- **Task instructions**
Omit every picture. Return all other data as it stands.

- **Supplied information**

++++

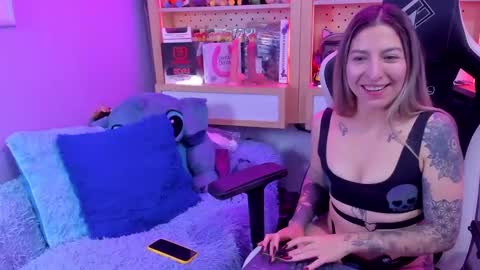anny_stan online show from 12, 12, 2024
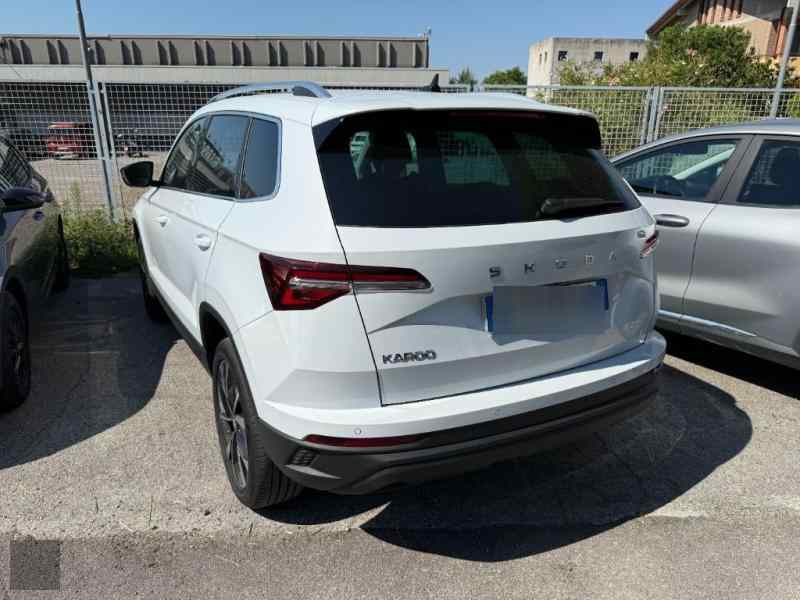 Slika vozila &Scaron;KODA KAROQ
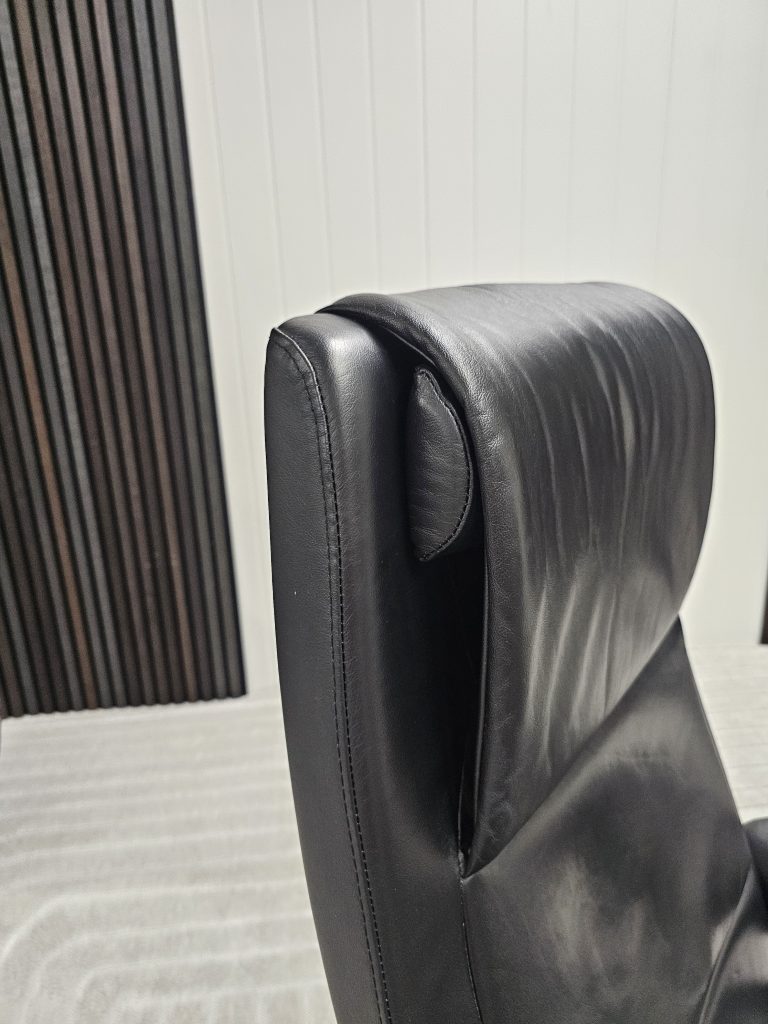 Stressless® Paris lenestol med krakk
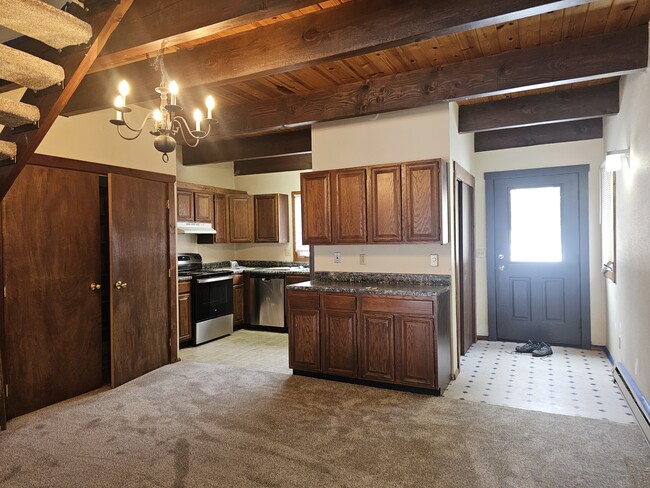 Building Photo - 740 Snow King Dr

++++

- **Written solution**
anny_stan online show from 12, 12, 2024
 Slika vozila &Scaron;KODA KAROQ
 Stressless® Paris lenestol med krakk
 Building Photo - 740 Snow King Dr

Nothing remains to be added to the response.